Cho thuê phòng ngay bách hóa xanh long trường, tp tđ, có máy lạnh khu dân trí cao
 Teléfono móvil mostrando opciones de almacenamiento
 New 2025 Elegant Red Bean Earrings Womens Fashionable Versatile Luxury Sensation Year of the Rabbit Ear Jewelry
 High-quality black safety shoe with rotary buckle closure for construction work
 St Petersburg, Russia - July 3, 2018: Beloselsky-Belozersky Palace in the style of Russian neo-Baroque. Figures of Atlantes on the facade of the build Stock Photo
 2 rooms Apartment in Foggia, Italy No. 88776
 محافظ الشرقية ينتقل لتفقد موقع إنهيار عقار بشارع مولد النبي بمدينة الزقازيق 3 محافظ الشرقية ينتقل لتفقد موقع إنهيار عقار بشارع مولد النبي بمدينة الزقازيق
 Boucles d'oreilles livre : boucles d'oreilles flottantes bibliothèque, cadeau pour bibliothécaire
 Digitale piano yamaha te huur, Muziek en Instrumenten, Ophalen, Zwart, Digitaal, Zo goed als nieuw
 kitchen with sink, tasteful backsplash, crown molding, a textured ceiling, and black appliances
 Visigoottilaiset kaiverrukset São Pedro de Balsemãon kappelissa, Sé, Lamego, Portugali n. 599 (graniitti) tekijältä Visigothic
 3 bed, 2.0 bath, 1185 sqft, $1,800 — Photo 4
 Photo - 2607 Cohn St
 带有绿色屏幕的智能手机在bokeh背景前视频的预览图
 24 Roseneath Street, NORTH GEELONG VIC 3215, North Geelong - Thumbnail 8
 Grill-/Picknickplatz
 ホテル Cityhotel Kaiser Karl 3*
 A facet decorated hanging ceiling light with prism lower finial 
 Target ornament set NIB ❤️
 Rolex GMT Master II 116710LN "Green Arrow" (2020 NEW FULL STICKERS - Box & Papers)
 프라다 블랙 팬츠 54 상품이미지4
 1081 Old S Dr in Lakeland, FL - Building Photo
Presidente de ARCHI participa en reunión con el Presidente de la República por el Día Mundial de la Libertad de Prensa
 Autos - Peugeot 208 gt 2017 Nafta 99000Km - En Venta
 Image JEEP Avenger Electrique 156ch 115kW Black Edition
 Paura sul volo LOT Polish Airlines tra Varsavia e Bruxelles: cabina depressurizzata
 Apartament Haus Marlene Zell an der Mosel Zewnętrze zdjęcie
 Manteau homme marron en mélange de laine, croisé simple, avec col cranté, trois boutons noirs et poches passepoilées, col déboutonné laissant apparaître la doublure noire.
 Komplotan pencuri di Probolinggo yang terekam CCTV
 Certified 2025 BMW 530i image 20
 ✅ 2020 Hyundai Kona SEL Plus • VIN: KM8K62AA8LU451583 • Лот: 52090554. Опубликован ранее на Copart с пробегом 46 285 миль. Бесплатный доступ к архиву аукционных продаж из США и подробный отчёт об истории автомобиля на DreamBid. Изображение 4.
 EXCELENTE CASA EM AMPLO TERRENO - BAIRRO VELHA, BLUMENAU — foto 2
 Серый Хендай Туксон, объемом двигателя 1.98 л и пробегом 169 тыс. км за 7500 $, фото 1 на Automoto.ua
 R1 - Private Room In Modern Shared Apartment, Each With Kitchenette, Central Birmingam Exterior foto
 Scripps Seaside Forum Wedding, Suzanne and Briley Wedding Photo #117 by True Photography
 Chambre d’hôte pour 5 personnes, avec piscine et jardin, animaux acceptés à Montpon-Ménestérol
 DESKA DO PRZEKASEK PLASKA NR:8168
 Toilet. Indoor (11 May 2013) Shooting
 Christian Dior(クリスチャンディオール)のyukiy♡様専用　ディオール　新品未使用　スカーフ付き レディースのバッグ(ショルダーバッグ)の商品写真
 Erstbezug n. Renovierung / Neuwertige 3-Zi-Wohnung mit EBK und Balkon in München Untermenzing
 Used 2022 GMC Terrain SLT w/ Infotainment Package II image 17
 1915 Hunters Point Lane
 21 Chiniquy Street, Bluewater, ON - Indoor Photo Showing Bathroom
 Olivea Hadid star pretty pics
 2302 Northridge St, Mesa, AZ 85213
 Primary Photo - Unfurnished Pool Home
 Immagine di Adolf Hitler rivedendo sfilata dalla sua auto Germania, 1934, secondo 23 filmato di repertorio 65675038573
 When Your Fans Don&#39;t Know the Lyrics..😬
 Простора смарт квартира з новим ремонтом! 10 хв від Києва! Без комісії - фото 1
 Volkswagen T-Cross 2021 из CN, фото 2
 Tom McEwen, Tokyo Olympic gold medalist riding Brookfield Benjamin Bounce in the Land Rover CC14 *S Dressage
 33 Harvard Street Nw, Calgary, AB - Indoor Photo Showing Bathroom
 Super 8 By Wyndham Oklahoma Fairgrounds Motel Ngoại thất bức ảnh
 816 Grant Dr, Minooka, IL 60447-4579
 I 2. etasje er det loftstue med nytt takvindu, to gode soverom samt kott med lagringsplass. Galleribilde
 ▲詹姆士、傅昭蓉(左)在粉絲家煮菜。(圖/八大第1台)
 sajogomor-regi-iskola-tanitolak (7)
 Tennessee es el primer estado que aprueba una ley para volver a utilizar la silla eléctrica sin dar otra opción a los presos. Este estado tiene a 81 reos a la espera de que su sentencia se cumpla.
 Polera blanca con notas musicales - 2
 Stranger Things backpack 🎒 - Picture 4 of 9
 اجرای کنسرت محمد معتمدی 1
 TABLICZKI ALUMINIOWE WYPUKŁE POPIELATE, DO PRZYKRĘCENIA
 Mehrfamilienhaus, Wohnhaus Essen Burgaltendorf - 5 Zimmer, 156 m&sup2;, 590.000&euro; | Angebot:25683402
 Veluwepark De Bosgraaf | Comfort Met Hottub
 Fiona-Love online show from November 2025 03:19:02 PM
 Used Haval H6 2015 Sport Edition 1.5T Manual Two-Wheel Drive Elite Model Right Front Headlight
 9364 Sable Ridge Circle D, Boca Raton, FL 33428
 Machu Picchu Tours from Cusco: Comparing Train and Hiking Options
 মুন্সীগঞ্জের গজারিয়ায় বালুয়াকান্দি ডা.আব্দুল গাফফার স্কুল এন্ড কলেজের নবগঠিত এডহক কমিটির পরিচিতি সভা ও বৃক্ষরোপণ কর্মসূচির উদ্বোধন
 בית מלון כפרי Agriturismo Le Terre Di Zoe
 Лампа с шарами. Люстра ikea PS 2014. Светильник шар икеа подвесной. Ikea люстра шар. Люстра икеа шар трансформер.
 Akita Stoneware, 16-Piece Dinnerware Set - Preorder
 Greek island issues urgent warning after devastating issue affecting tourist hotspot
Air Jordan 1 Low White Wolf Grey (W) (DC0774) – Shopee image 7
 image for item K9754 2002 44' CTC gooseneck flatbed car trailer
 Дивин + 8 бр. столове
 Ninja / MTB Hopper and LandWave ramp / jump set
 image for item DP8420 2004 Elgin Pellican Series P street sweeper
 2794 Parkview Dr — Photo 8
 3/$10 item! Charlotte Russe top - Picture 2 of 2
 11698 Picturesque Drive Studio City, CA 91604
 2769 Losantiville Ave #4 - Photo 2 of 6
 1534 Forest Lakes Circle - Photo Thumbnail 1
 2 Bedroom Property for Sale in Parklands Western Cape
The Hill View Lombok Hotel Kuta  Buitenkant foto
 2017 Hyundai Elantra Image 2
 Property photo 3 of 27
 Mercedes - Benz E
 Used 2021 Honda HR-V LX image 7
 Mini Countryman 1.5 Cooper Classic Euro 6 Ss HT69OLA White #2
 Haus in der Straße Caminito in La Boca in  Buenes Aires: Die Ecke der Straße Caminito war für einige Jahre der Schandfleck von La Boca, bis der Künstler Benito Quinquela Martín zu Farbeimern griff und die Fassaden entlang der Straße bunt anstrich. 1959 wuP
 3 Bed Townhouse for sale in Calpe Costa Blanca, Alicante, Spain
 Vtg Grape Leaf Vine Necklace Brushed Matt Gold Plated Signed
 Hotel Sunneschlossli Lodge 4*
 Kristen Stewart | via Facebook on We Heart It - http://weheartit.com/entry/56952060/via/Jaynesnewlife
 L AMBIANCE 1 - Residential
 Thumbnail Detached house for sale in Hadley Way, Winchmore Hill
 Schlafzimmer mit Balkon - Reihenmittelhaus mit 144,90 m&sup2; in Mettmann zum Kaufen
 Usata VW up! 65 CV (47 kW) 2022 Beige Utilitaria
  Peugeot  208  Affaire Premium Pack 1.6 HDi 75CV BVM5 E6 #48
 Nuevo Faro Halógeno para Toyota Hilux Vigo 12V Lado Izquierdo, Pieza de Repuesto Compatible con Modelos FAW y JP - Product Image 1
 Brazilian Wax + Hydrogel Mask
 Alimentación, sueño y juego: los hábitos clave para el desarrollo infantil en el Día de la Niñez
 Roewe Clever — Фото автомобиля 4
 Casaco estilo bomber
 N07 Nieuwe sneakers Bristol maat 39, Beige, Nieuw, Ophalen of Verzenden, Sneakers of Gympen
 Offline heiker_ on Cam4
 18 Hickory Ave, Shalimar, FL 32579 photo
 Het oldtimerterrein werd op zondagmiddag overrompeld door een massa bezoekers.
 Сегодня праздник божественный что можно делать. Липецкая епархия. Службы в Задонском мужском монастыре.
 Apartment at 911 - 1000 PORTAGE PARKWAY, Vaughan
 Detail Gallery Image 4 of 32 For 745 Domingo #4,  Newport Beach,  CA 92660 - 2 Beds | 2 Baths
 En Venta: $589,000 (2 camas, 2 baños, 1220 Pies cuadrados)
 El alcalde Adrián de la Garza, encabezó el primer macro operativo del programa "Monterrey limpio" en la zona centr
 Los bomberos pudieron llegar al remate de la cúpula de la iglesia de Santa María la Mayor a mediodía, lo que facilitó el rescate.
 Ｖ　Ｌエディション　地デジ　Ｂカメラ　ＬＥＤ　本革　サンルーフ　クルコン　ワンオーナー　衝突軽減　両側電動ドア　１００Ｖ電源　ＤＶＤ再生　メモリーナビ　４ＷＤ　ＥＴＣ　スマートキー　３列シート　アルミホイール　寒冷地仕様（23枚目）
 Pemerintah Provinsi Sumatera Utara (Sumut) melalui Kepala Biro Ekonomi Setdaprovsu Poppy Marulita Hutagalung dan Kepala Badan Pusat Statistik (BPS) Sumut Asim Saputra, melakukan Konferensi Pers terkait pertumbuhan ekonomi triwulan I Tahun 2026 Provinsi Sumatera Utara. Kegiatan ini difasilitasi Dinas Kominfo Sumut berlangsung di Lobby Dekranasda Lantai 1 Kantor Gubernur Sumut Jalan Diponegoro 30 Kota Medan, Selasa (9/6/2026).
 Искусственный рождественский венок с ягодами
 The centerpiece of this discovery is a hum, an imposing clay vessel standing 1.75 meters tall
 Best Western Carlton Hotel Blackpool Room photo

**Work to complete:** Every line above from the line with "Offline heiker_ on Cam4" to the line with "Ｖ　Ｌエディション　地デジ　Ｂカメラ　Ｌ", inclusive, must be returned exactly; no other line belongs in the reply.

**Solution below:**
 Offline heiker_ on Cam4
 18 Hickory Ave, Shalimar, FL 32579 photo
 Het oldtimerterrein werd op zondagmiddag overrompeld door een massa bezoekers.
 Сегодня праздник божественный что можно делать. Липецкая епархия. Службы в Задонском мужском монастыре.
 Apartment at 911 - 1000 PORTAGE PARKWAY, Vaughan
 Detail Gallery Image 4 of 32 For 745 Domingo #4,  Newport Beach,  CA 92660 - 2 Beds | 2 Baths
 En Venta: $589,000 (2 camas, 2 baños, 1220 Pies cuadrados)
 El alcalde Adrián de la Garza, encabezó el primer macro operativo del programa "Monterrey limpio" en la zona centr
 Los bomberos pudieron llegar al remate de la cúpula de la iglesia de Santa María la Mayor a mediodía, lo que facilitó el rescate.
 Ｖ　Ｌエディション　地デジ　Ｂカメラ　ＬＥＤ　本革　サンルーフ　クルコン　ワンオーナー　衝突軽減　両側電動ドア　１００Ｖ電源　ＤＶＤ再生　メモリーナビ　４ＷＤ　ＥＴＣ　スマートキー　３列シート　アルミホイール　寒冷地仕様（23枚目）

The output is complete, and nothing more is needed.